Before Clint Eastwood, Sexual Cowboy has his way with this here Blog About Town for the weekend, the L’s Mariela Quintana would like to offer up a suggestion for how to spend your day before Labor Day, in case you haven’t fled the city as if the very devil himself were chasing you out.


I don’t know how you all feel about saving money, but I’m a big fan. I’m not talking about like a 401 (K)–whatever that is–I’m talking coupons. The environmentally-friendly kind. No tree-killing required. Feel virtuous, keep your bank.

For real: there’s this crazy little site, 8coupons.com, that offers unbelievable deals and discounts at restaurants, stores, salons and just about everything around the city. Honestly, it makes no sense.

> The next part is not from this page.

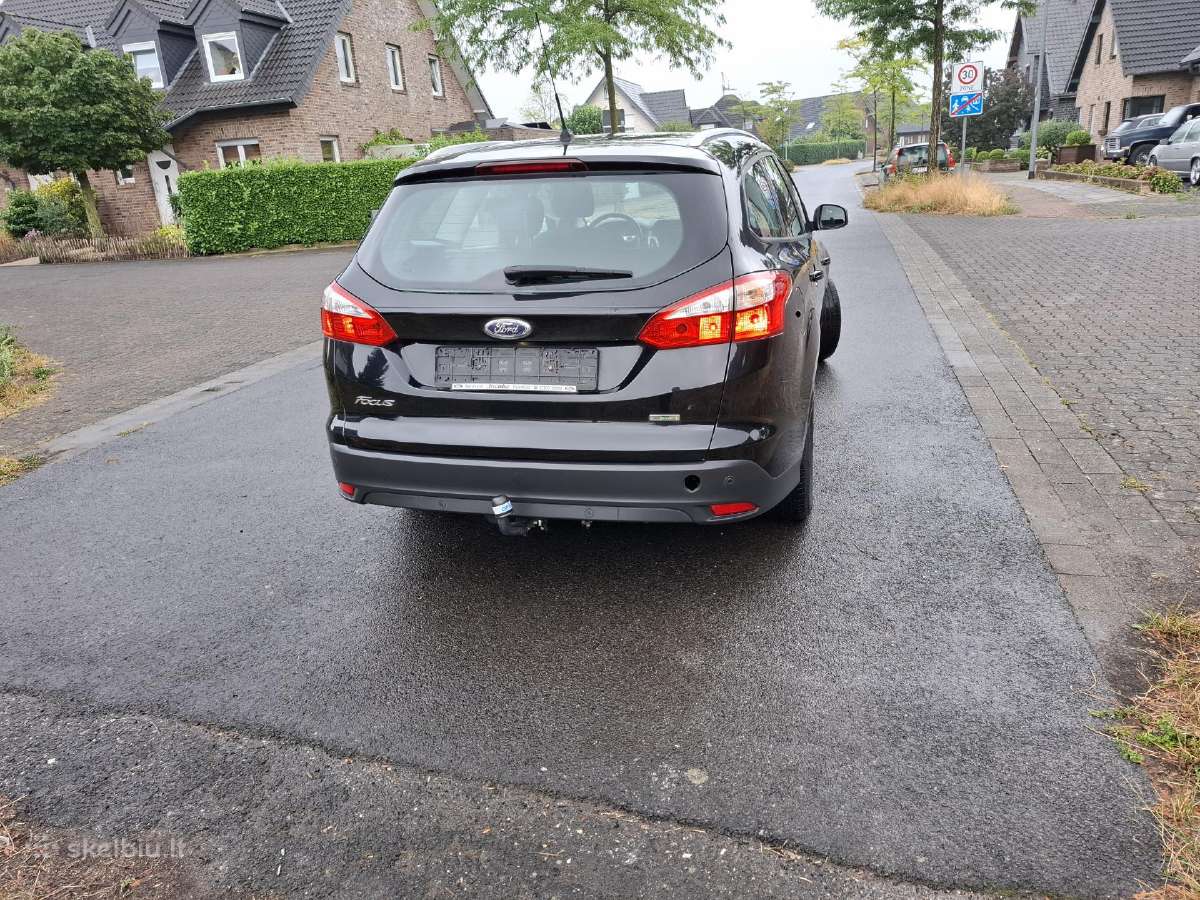 Ford Focus 1l, benzinas, universalas - nuotraukos Nr. 13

All you have to do is log on, locate a discount you’re interested in and request a text message version of the coupon to your cell phone. Then, as if by some invisible hand, the web site sends you a text of the coupon. I don’t know how they do it, but I’m a believer. Here’s why:

This coming Sunday, 8coupons is teaming up with Snackalicious Falafel in the East Village to offer 8-cent falafel sandwiches from 5-9 pm. A falafel includes pita, chickpeas molded carefully into a falafel ball, fresh tomatoes, diced onions, shredded lettuce and that precious sauce. A lot of love and labor goes into a falafel. Something so good should cost far more than eight cents, but not this Sunday! How they do it, the world many never know…so, just, stop wondering. And eat. A lot. Because you may win the Snackalicious’ falafel-eating contest. In addition to the gustative satisfaction and glory of consuming as many falafels as possible, you’ll also prove yourself worthy of receiving one 8-cent falafel sandwich every day for an entire year.

Oh, and there’s 8-cent yogurt at the nearby and newly opened 16 Handles as well, just in case you haven’t whipped yourself into a food coma by then. Not surprisingly, the 888th person will get 8-cent fro-yo on the 8th of every month for the next 365 days. It’s almost too much to comprehend on an empty stomach.